EXTRACTED MATERIAL:

----------

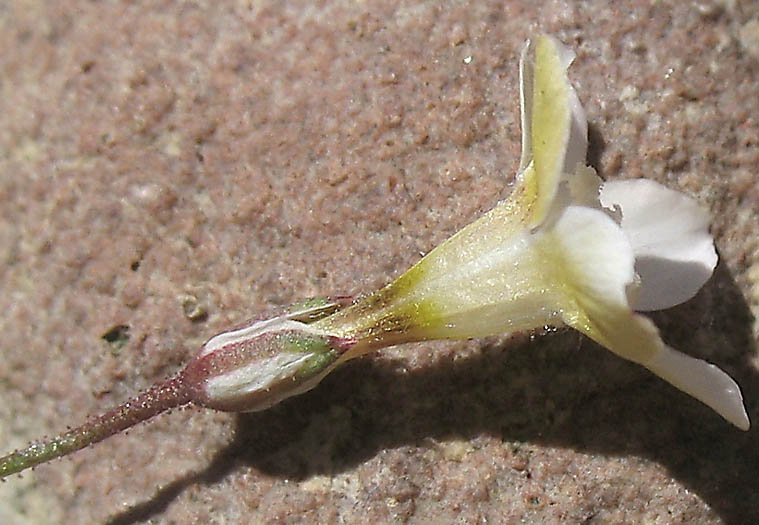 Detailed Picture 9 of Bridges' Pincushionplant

----------

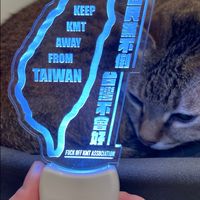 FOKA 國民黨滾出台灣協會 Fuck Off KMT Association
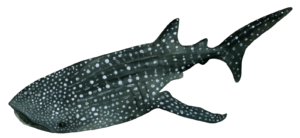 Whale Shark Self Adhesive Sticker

----------

From the records above, copy only the lines running from the line containing "FOKA 國民黨滾出台灣協會 Fuck Off KMT Association" to the line containing "Whale Shark Self Adhesive Sticker", both ends included. Leave the pictures out.

RESPONSE AREA:
 FOKA 國民黨滾出台灣協會 Fuck Off KMT Association
 Whale Shark Self Adhesive Sticker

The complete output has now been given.